# Salut!!



## reaver

First of all.. Best regards for all members of this forum. It is really nice and resourcefully forum.  Thanks for this..
I am having one request.. 

I want to send to my Romanian girlfriend some romantic love letter, translated properly on Romanian. Something like this:

Dear Hon,
While I lay here waiting to hear from you, I can't help thinking about what my life has become when you became a part of it. Waiting and wanting you has been the focus of my thoughts these days, knowing that one day, all that I have envisioned of us being together, will finally happen, even if it's just for a moment.
You give me reason to wake up in the morning and smile. Just smile for no particular reason except the fact that you are here. As days go by I feel myself growing closer and closer and my heart is suddenly coming out of its shy spot and wanting to feel what it feels like to be loved again. I don't ever want to lose this feeling. 
When I hear your voice, it's like a feeling I don't want to leave; you give me comfort and joy.

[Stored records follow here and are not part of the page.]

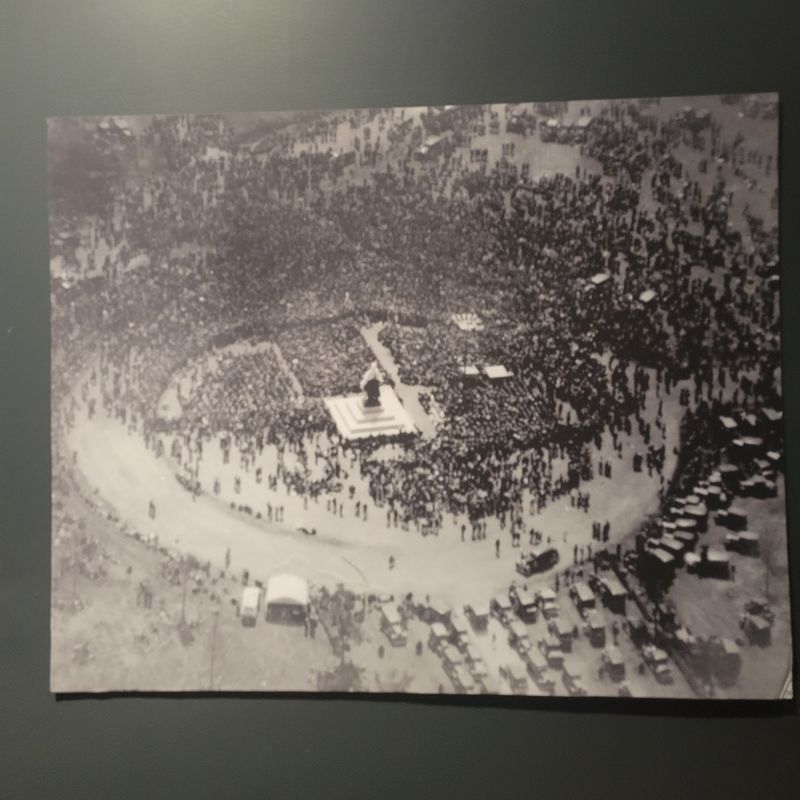 The Story Behind the Museum's Creation The Story Behind the Museum's Creation
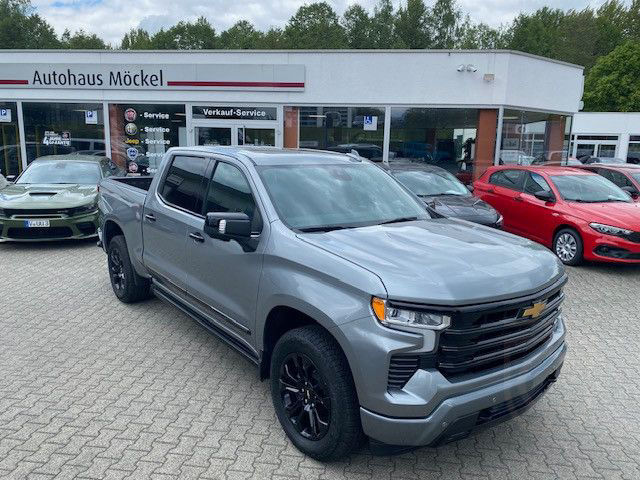 Chevrolet Silverado 6,2 L V8 High Country Crew Cab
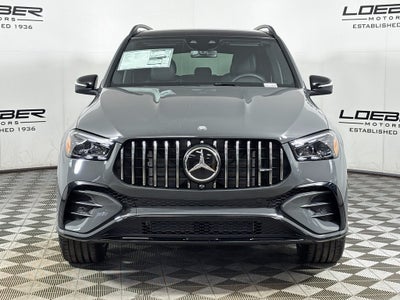 2026 Mercedes-Benz GLE GLE 53 AMG® 4MATIC®
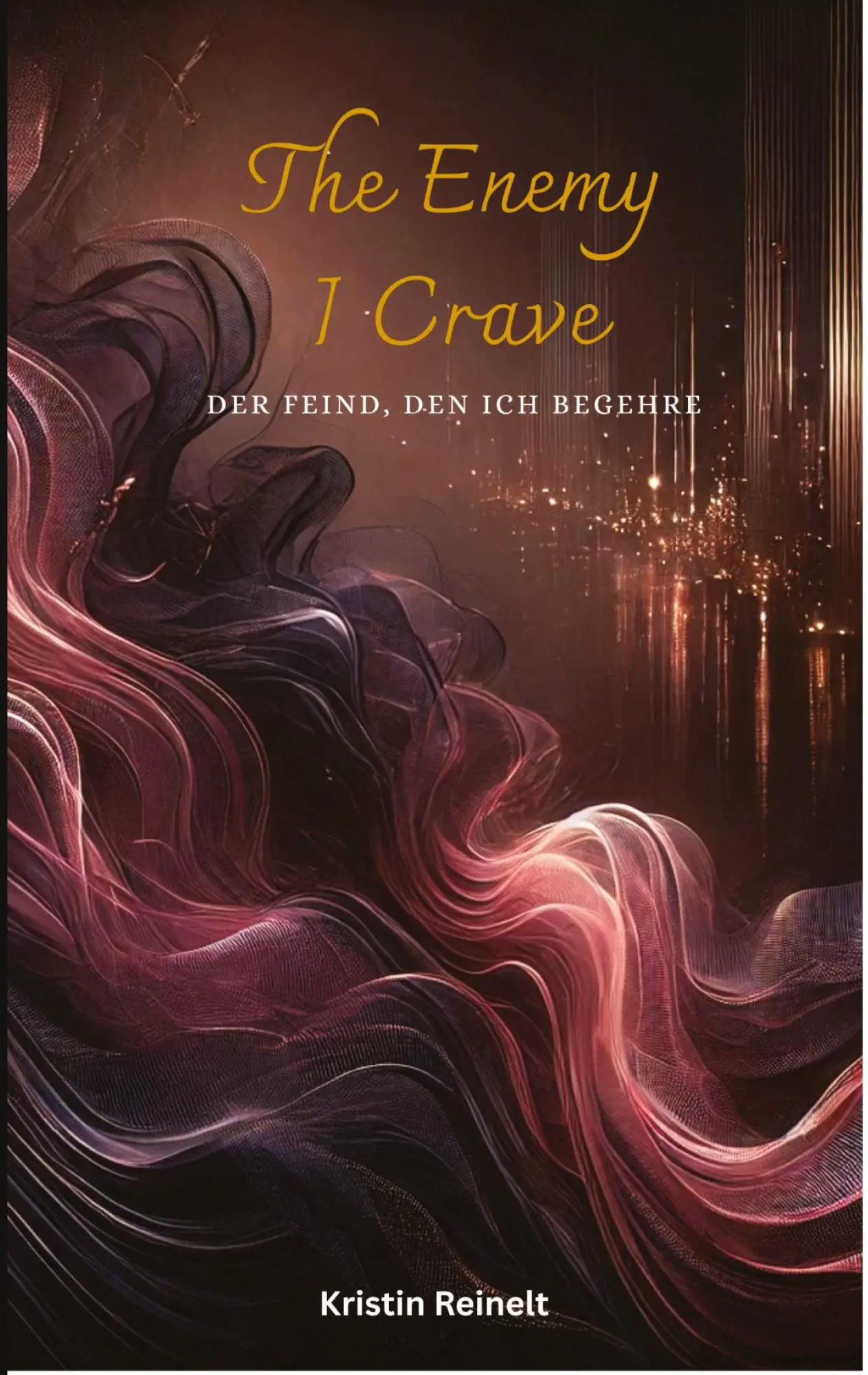 Cover: 9783384563347 | The Emany I Crave | Der Feind den ich begehre | Kristin Reinelt | Buch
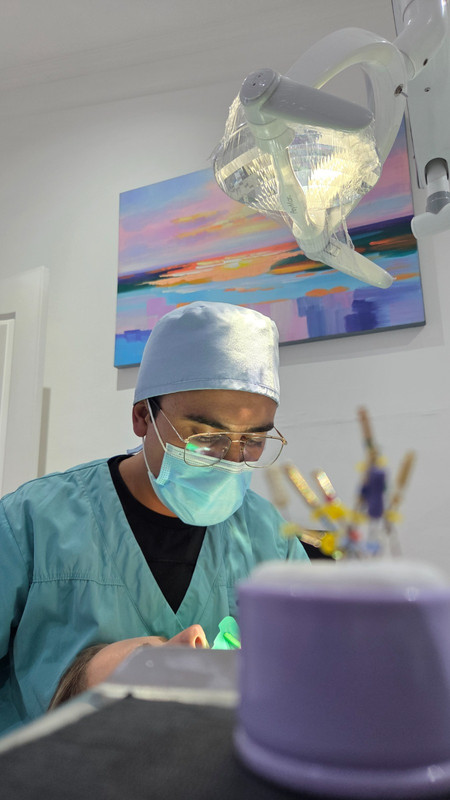 Consultorio MDental equipado con tecnología de vanguardia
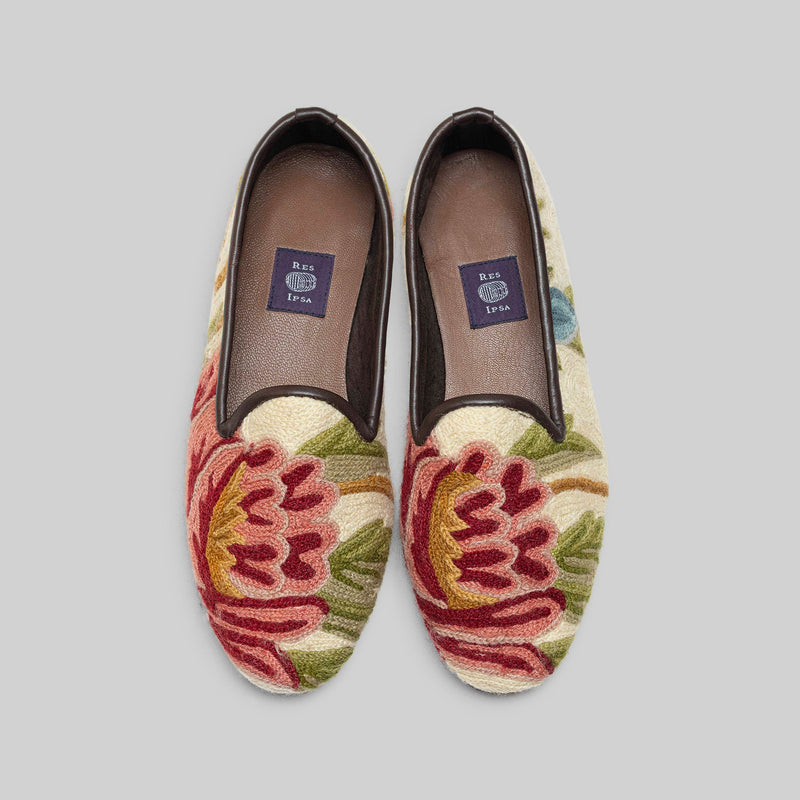 Women's Kilim Loafer Size 10 - RES IPSA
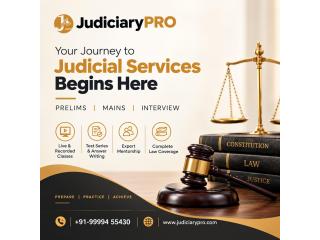 JudiciaryPRO – Best Judiciary Coaching Institute in Gurugram & Delhi NCR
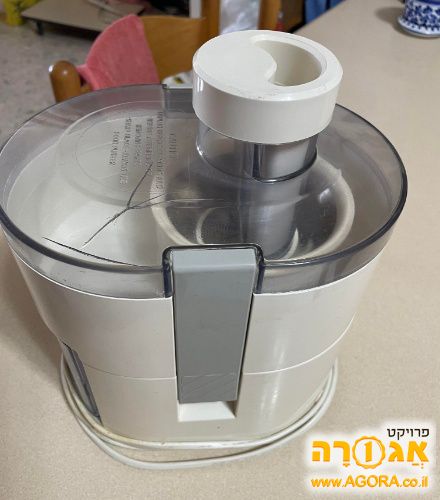 מסחטת מיצים קשים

The sound of your voice is like my favorite love song, I can listen to it all night until it puts me to sleep. Yet, still as I continue to lay here and think about everything you are to me. 
Still, I just want you to know that wherever this road may take us, and how far it may be to finally get where we want to go, always know you are in my heart and in my heart is where you'll always be. Life hasn't been this grateful to me, until there was you.
Thank you for being you. What I'd like to say next, I'd like to say to you personally. Until then....  

 Love always,


Thanks in advance..


----------



## danylor

Normaly you must trying translate yourself a little bit. Have you some notions of romanian language ?


----------



## reaver

Yes.. Some.. I know it is really complicated . And some sentences on other languages cant be translated on Romanian so easy..So programs or web sites like Google translate, cant help me here so much.. Other than that.. I tried to use all possible online-offline software's i could find to start to learn Romanian..It is really nice language, i like it a lots.. But although it is really hard


----------



## danylor

I want help you but you must give me 1 hour because i'm at work.

I start with : 

In timp ce astept vesti de la tine nu ma pot impiedica sa ma gindesc despre ce anume viata mea este daca  ai face parte din ea .
Asteptîndu-te si vroindu-te a fost centrul gîndurilor mele în aceste zile, stiind ca intr-o zi, tot ceea ce am imaginat despre noi impreuna , se va indeplini in sfîrsit, chiar daca ar fi numai pentru un moment. 
Imi dai motiv de a ma trezi in fiecare dimineata surizind. Surizind fara motiv particular, numai gindindu-ma ca tu esti aici.


----------



## danylor

The next : 

In timp ce zilele se scurg ma simt crescind din ce in ce mai aproape de tine, si inima mea iese din obisnuita timiditate vroind simti senzatiile de a fi iubit din nou. Nu vreau sa pierd niciodata aceasta senzatie. 
Cînd îti aud vocea este ca si cum as vrea ca sunetul ei sa-mi ramina in permanenta in urechi : îmi dai bucurie si liniste. Sunetul vocii tale este ca cîntecul meu de dragoste preferit, as putea sa-l ascult toata noaptea pîna cînd ma adoarme. Si iar stau si ma gîndesc la tot ceea ce reprezinti pentru mine.
As vrea sa stiu pina unde aceasta ruta ne va duce pe noi impreuna, cît de departe vom vrea sa mergem, stiind ca tu esti in inima mea si ca inima mea este acolo unde tu vei fi întotdeauna. Viata n’a fost atît de buna cu mine pîna la aparitia ta.
 
Multumesc ca existi. Ceea ce as vrea sa-ti mai spun, as vrea sa-ti spun tie personal. Pina atunci…
 
Iubitul tau dintotdeauna,


----------



## reaver

Mulţumesc, foarte mult prieten..


----------



## danylor

you're welcome


----------